Keywords: probiotics, Helicobacter pylori, triple therapy, meta-analysis
Introduction
Helicobacter pylori, previously referred to as Campylobacter pylori, is a Gram-negative, spiral bacterium that is present on the gastric epithelium mucus layer.1 H. pylori colonization almost always leads to acute gastritis, with neutrophilic and mononuclear infiltrates in the gastric mucosa.2 If left untreated, it can cause chronic gastritis, which is associated with various gastrointestinal diseases.2 Various extragastric manifestations of H. pylori have also been reported, including idiopathic thrombocytopenia purpura, vitamin B12 deficiency, and metabolic syndrome.3 Studies have reported H. pylori colonization to be as high as 90% among patients with gastric ulcers or cancer.4,5 Furthermore, virtually, all patients with mucosa-associated lymphoid tissue lymphomas (MALTomas) are colonized with H. pylori.6,7 It is estimated that over half of the current world population has H. pylori in their gastric flora.1 Early H. pylori eradication has been associated with a sixfold reduction in the recurrence of ulcers as well as a two- to threefold reduction in the risk of gastric carcinoma.8
Current treatment guidelines recommend concomitant triple therapy for the eradication of H. pylori, utilizing clarithromycin, either amoxicillin or metronidazole, as well as a proton pump inhibitor for 7–14 days.9–11 Despite initial successes, there has been a constant decline in H. pylori eradication rates with standard triple therapy in both adult and pediatric populations, from 75 to 55% between 2009 and 2014.12 Although several mechanisms have been proposed, most of the studies agree that the main reasons for the declining efficacy are the increasing resistance to clarithromycin and poor medication compliance as a result of antibiotic-induced nausea, vomiting, and diarrhea.13–15 While eradication rates of 88% are seen with clarithromycin-sensitive H. pylori strains, eradication rates are only 14% among strains resistant to clarithromycin.16 As with all antibiotics, H. pylori medications often cause diarrhea, nausea, and vomiting, which lead to poor tolerance and ultimately decreased patient compliance, the single most important factor in H. pylori eradication.14,17 Graham et al18 reported H. pylori eradication rates of 96% in high medication-compliant patients (taking ≥60% of the prescribed antibiotics), while only 69% eradication rates were observed among low medication-compliant patients (taking <60% of prescribed antibiotics).
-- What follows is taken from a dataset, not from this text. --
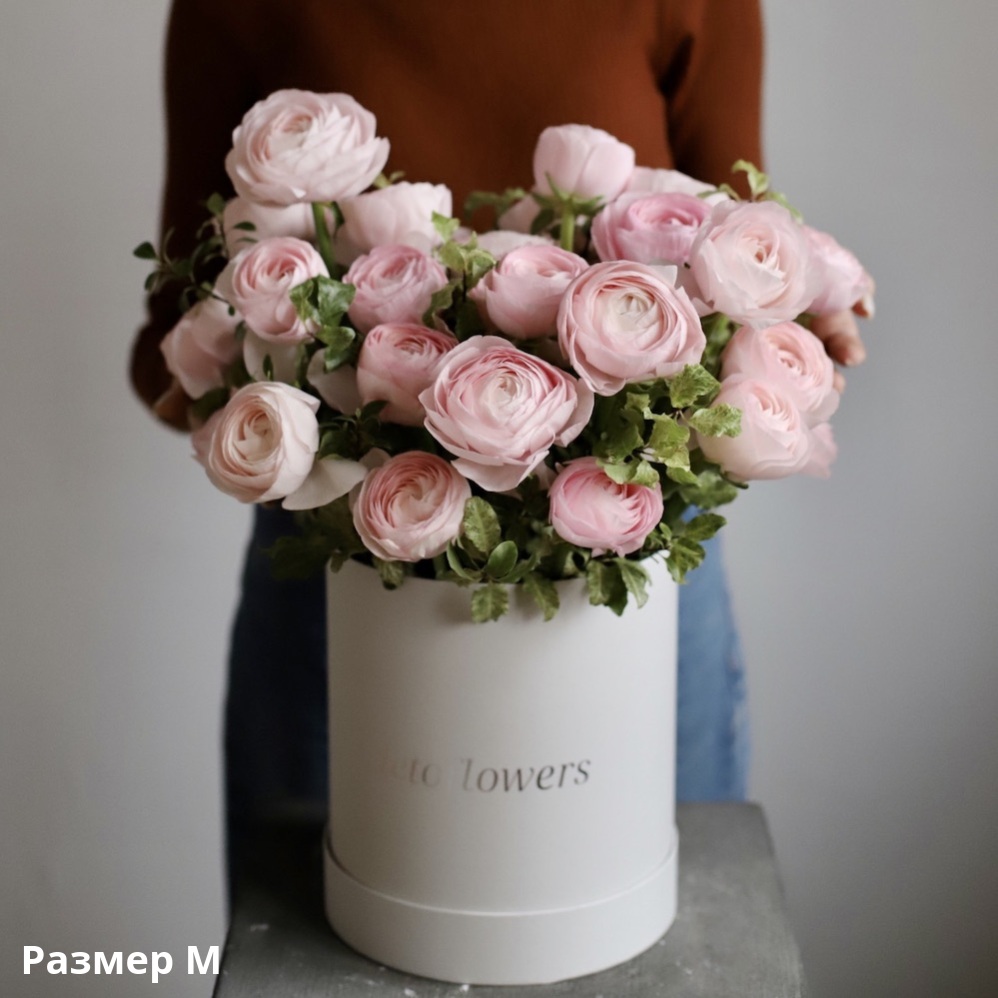 Ranunculus in a hat box Ranunculus in a hat box -  Размер M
With the decline in H. pylori eradication rates, novel therapeutic alternatives are being studied and evaluated. Eradication rates are highest during the early phase of treatment when antibiotic sensitivity and patient compliance are greatest. Early treatment failure results in elevated risk of secondary antibiotic resistance due to the need for additional, less effective antibiotics used over longer periods of time with the possibility of additional medication side effects, thereby perpetuating the increase in antibiotic resistance and decreased medication compliance cycle.19 Since medication compliance has been considered the most important factor in H. pylori eradication, a major goal of therapy is aimed at improving the compliance. Recently, the use of probiotic supplementation has been proposed for both preventing and treating various gastrointestinal conditions, including antibiotic-induced side effects such as diarrhea, which may in turn increase medication tolerability and patient compliance.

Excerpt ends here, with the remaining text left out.